So, let's see if I've got this:
The server won't allow a .txt attachment, but it will allow an .exe
attachment?

Now, guess what I do with unexpected attachments that are .exe files,
and why. It's important to know this.

Richard
 
I wrote about corruption of email by prefixed spurious dots, and
included the content of a test file.

David responded:
If you're trying to drive us dotty it didn't work here. All dots
appear as described.

I've never had dot corruption in a Usenet posting, only in email. I'm
100% certain it did happen intermittently with at least 3 ISPs. They
were the only 3 I was using for qp-encoded data; I would expect it's
quite a common occurrence, but usually harmless.

This only really matters if added dots are a problem. It doesn't affect
attachments using binary (base64, etc.) encoding, as the binary encoding
formats don't use the dot character, specifically to avoid this type of
problem.

Best wishes,
 
Richard said:
So, let's see if I've got this:
The server won't allow a .txt attachment, but it will allow an .exe
attachment?

Now, guess what I do with unexpected attachments that are .exe files,
and why. It's important to know this.

Richard

I would expect that the OP wants to automatically, without user
intervention: rename "MYPROG.EXE" to "MYPROGEXE.TXT"; send this file as
an attachment, which won't be rejected by any email program; at the
receiving end, rename back to "MYPROG.EXE". Presumably the recipient is
a party to all this, and knows that the file is from a trusted source.

The idea of getting round email programs' rejection of EXE files is not
necessarily bad; I often send non-computer-literate users who are set up
to accept them EXE files (often self-extracting archives) with text like
"here is the update you phoned me about last Friday; just open it from
this message. Please don't open this type of file if you're not 100%
sure it's from me". I expect others will point out the risks; but it
works for me.

But I don't think renaming to .TXT is a good idea.

Best wishes,
 
Michael said:
I wrote about corruption of email by prefixed spurious dots, and
included the content of a test file.

David responded:



I've never had dot corruption in a Usenet posting, only in email. I'm
100% certain it did happen intermittently with at least 3 ISPs. They
were the only 3 I was using for qp-encoded data; I would expect it's
quite a common occurrence, but usually harmless.

This only really matters if added dots are a problem.
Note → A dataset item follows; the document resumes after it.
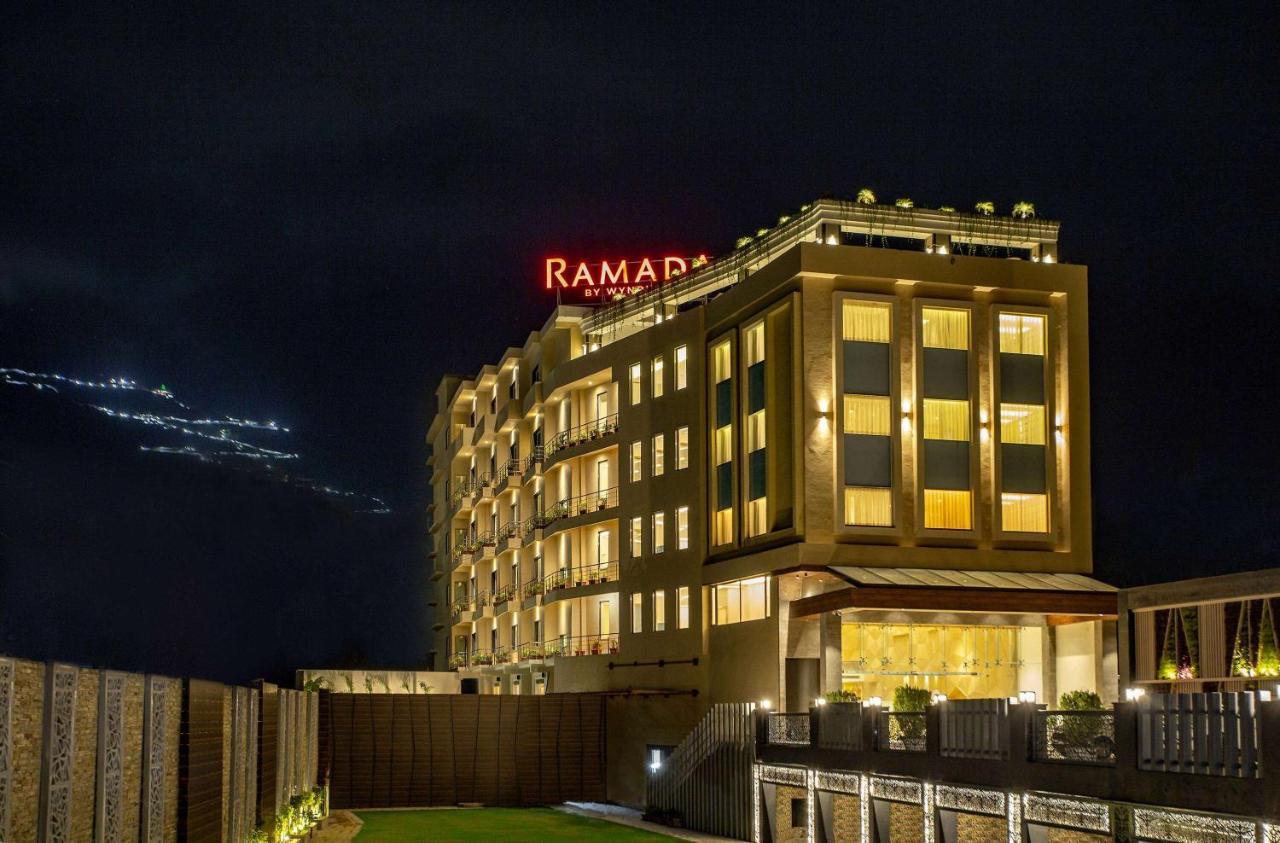 Ramada By Wyndham Katra Station Road 호텔 외부 사진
It doesn't affect
attachments using binary (base64, etc.) encoding, as the binary encoding
formats don't use the dot character, specifically to avoid this type of
problem.

Best wishes,
Go review the RFCs that discuss SMTP.

You will find that it is actually a problem with some (mainly Microsoft)
MUAs.

They don't do the well-defined and well-known and, frankly, old, thing
when it comes to lines that start with a '.'.

Sigh.

That said, over the years I've seen that many variations on corruption
of transmitted files that I insist that anything which is not pure ASCII
be either zipped or preferably tar'red and the gzip'ped.

Cheers,
Gary B-)
 
I wrote about corruption of email by prefixed spurious dots, and
included the content of a test file.

David responded:

I've never had dot corruption in a Usenet posting, only in email. I'm
100% certain it did happen intermittently with at least 3 ISPs. They
were the only 3 I was using for qp-encoded data; I would expect it's
quite a common occurrence, but usually harmless.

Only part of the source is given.